• Exercise details:
Print the entire listing below word for word, excluding its pictures.

• Exercise data:
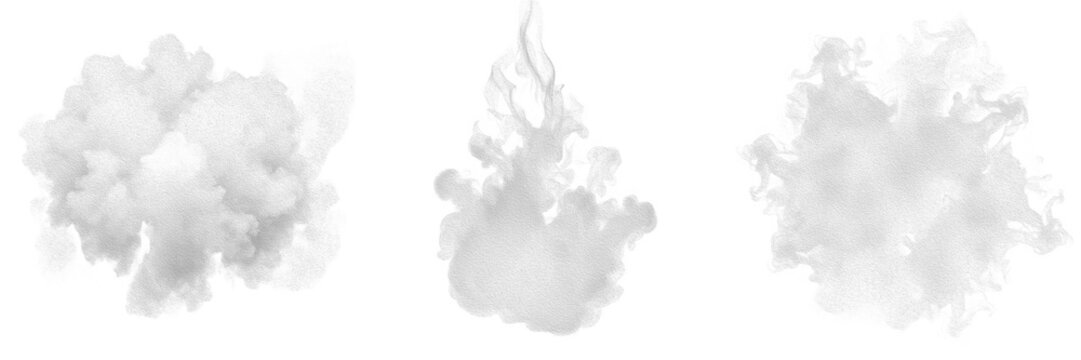 Abstract White Smoke Clouds and Ink Explosion PNG Set - Realistic Fog Burst, Steam Puff, and Atmospheric Mist Splatter Shapes Isolated on Transparent Background for Creative Graphic Design Overlays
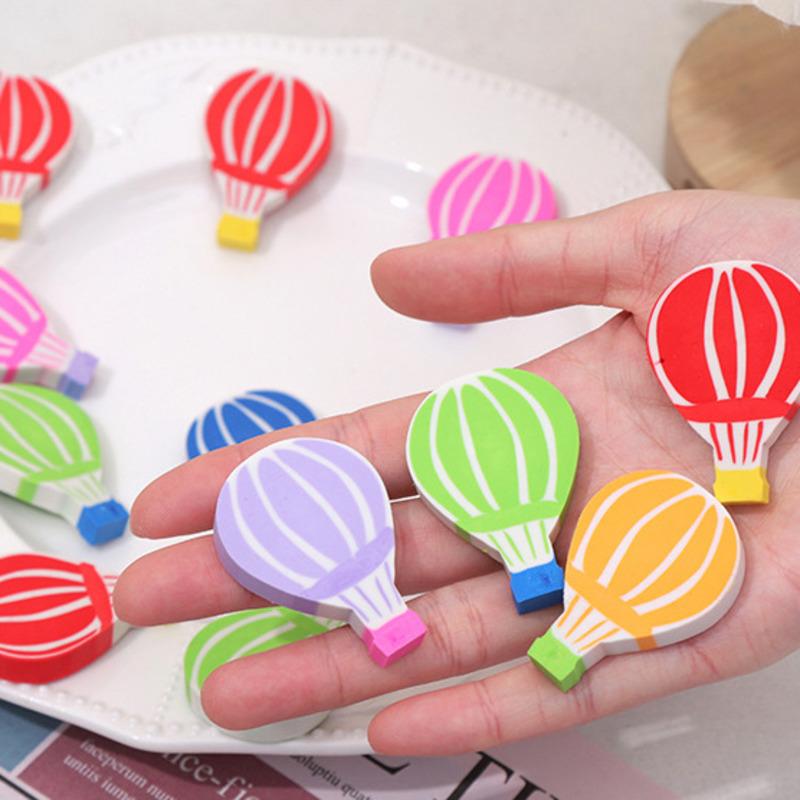 6 Pieces Cute Kawaii Hot Air Balloon Rubber Eraser For Kids Novelty Stationery Office School Supplies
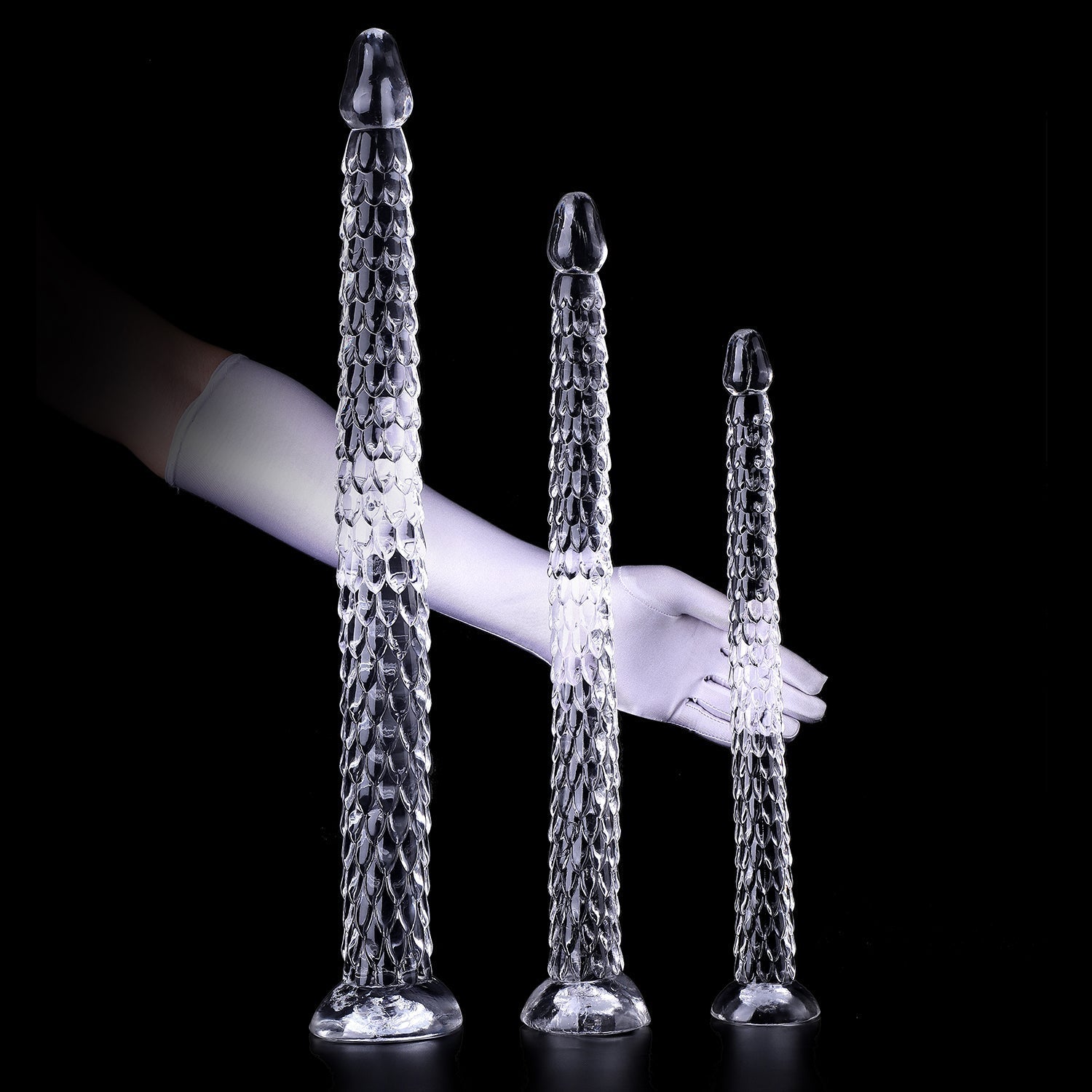 Extra - Long Crystal Dragon Tail Anal Probe - Textured Scale Series - Tarisss Sex Toy Store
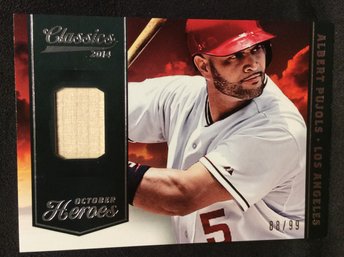 2014 Panini Classics October Heroes Albert Pujols Bat Relic Card 88/99 - K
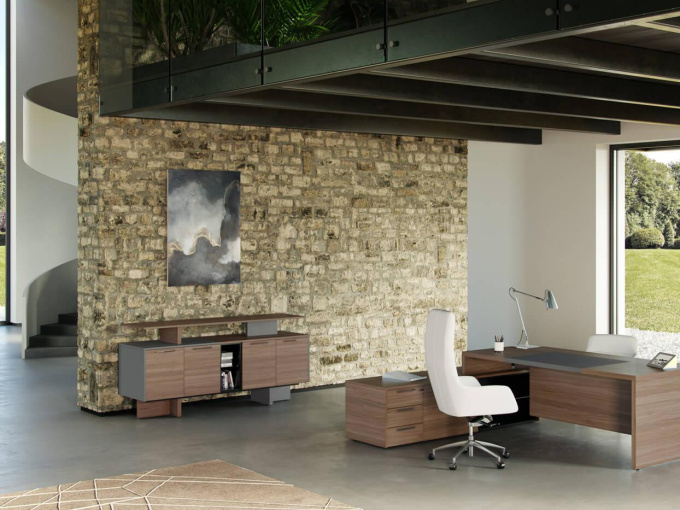 Стіл One Gunmetal Leather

• Exercise output:
 Abstract White Smoke Clouds and Ink Explosion PNG Set - Realistic Fog Burst, Steam Puff, and Atmospheric Mist Splatter Shapes Isolated on Transparent Background for Creative Graphic Design Overlays
 6 Pieces Cute Kawaii Hot Air Balloon Rubber Eraser For Kids Novelty Stationery Office School Supplies
 Extra - Long Crystal Dragon Tail Anal Probe - Textured Scale Series - Tarisss Sex Toy Store
 2014 Panini Classics October Heroes Albert Pujols Bat Relic Card 88/99 - K
 Стіл One Gunmetal Leather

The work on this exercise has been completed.